Corresponding Parts:
TIP: Look to see if the pieces you need are “parts” of the triangles that can be proven congruent.
Example 3:
In this example problem, examine the given information, decide what else you need to know, and then decide the proper method to be used to prove the triangles congruent.
There seems to be missing information in this problem. There are only two pieces of congruent information given. This problem expects you to “find” the additional information you will need to show that the triangles are congruent. What else do you notice is true in this picture?

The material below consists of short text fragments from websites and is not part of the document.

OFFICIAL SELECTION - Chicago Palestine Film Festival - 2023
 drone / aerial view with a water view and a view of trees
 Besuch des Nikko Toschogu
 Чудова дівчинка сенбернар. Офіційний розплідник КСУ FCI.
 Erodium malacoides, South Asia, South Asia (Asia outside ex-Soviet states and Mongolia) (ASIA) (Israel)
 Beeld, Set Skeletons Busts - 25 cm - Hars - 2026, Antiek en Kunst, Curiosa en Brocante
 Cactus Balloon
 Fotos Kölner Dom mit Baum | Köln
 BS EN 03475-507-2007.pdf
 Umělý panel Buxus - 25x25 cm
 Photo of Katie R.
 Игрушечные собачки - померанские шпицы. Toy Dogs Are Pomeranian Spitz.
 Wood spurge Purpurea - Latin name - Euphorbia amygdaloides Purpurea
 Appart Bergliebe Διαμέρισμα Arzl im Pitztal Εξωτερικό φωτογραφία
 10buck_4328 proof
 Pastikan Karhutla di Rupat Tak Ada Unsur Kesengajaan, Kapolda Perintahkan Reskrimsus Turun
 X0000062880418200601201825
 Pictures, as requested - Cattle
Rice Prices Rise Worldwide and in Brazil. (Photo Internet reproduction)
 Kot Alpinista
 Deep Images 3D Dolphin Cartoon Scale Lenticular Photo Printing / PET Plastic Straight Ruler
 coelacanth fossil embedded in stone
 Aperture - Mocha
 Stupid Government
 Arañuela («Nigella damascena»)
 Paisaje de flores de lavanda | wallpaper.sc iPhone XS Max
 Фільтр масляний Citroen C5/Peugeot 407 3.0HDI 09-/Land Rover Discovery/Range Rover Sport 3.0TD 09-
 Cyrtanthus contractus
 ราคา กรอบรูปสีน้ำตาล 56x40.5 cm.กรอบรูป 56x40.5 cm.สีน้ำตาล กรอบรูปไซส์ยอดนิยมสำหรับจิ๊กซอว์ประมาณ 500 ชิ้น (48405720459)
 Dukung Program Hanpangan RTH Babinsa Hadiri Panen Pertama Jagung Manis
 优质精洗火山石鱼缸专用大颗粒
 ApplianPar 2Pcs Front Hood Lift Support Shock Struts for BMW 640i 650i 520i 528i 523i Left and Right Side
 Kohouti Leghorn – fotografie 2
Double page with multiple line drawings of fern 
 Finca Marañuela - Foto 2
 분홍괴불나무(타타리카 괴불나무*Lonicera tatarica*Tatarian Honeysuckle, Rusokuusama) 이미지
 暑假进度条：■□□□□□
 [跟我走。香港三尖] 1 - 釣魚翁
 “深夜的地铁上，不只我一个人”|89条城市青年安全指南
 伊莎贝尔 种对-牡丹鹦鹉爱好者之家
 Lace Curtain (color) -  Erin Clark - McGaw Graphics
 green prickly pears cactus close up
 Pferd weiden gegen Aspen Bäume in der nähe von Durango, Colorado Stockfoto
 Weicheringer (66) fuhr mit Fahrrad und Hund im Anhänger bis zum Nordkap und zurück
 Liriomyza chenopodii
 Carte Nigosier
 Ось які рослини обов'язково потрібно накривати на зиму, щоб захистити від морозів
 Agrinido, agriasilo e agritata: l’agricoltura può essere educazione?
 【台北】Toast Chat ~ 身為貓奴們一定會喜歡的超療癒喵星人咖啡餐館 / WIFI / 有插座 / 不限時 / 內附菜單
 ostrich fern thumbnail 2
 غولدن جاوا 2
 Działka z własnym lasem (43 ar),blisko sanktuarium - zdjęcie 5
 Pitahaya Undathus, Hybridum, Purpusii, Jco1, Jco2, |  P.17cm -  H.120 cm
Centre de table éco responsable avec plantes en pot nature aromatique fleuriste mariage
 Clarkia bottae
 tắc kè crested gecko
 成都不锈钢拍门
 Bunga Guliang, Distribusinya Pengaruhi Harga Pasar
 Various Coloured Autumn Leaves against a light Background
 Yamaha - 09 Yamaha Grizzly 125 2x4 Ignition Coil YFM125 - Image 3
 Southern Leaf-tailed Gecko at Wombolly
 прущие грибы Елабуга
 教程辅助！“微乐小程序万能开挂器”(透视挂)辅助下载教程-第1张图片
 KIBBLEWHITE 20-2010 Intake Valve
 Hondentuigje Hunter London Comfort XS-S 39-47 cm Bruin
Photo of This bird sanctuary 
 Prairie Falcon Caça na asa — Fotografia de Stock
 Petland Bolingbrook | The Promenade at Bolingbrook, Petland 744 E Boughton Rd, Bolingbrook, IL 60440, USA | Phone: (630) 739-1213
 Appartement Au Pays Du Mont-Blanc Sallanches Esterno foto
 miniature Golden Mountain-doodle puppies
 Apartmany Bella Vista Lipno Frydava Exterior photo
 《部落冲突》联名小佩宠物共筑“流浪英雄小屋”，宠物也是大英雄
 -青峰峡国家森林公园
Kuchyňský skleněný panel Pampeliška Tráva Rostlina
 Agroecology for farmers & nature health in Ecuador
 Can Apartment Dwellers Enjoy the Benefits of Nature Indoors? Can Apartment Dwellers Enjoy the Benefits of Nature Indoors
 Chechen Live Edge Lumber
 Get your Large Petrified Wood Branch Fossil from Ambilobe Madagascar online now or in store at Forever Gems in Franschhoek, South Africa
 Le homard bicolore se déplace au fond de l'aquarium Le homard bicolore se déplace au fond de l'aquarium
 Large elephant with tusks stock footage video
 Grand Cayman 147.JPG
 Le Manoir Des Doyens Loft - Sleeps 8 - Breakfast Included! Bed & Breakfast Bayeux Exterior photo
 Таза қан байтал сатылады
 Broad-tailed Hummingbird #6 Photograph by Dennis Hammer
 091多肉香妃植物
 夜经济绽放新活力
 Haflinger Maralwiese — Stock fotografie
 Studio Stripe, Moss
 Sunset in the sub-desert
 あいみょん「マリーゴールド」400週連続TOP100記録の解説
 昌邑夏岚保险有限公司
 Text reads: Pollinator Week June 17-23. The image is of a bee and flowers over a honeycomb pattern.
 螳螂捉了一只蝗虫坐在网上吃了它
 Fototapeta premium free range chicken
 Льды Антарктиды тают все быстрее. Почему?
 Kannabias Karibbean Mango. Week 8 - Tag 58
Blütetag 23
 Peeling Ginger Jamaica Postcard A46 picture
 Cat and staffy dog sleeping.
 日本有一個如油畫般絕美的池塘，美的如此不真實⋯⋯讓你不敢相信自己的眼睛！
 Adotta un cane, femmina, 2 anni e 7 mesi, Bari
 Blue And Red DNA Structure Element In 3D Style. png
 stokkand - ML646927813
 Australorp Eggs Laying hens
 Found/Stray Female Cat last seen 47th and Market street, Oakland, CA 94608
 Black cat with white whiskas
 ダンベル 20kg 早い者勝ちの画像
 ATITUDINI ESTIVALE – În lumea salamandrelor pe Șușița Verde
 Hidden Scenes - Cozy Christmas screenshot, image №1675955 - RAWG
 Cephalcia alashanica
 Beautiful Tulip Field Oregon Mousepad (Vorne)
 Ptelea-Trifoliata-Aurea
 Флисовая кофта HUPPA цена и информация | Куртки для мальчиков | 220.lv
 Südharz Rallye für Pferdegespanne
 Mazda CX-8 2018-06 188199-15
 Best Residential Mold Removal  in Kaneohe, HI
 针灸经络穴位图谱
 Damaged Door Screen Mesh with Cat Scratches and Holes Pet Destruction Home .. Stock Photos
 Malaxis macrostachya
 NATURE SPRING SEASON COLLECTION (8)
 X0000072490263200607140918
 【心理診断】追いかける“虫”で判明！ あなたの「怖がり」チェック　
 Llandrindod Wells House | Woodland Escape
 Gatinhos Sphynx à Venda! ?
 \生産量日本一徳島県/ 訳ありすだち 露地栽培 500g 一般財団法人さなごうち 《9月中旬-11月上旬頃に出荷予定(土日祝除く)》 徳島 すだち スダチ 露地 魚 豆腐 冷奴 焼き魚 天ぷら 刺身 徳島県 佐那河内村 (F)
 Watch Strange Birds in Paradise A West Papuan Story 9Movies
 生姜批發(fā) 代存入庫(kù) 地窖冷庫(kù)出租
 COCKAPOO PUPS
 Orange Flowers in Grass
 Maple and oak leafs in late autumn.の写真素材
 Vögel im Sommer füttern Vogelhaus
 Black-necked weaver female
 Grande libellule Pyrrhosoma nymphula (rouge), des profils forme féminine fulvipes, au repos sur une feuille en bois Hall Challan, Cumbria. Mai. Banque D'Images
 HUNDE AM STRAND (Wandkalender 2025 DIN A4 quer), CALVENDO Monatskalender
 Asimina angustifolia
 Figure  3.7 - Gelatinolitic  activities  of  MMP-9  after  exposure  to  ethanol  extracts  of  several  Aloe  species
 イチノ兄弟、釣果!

Which of the congruent triangle methods do you think is used in this example?
Examine Diagram:
TIP: If not given all needed pieces to prove the triangles congruent, look to see what else you might know about the diagram.
Example 4:
In this example problem, examine the given information carefully, mark up the diagram and then decide upon the proper method to be used to prove the triangles congruent.
When you marked up the diagram, did you mark the information gained from the definition of the angle bisector? While this problem only gives you two of the three sets of congruent pieces needed to prove the triangles congruent, it also gives you a “hint” as to how to obtain the third needed set. The “hint” in this problem is in the form of a definition – the angle bisector.
Which of the congruent triangle methods do you think is used in this example?
Use Definitions:
TIP: Know your definitions! If the given information contains definitions, consider these as “hints” to the solution and be sure to use them.
This particular example can be solved in more than one way.
Even though the given information gives congruent information about <B and <D, this information is not needed to prove the triangles congruent. The two triangles in this problem “share” a side (called a common side). This “sharing” automatically gives you another set of congruent pieces.
More than one solution:
TIP: Stay open-minded. There may be more than one way to solve a problem.
Common Parts:
TIP: Look to see if your triangles “share” parts. These common parts are automatically one set of congruent parts.
In summary, when working with congruent triangles, remember to:
- Mark any given information on your diagram.
- Look to see if the pieces you need are “parts” of the triangles that can be proven congruent.
- If not given all needed pieces to prove the triangles congruent, look to see what else you might know about the diagram.
- Know your definitions! If the given information contains definitions, consider these as “hints” to the solution and be sure to use them.
- Stay open-minded. There may be more than one way to solve a problem.
- Look to see if your triangles “share” parts. These common parts are automatically one set of congruent parts.
Remember that proving triangles congruent is like solving a puzzle. Look carefully at the “puzzle” and use all of your geometrical strategies to arrive at an answer.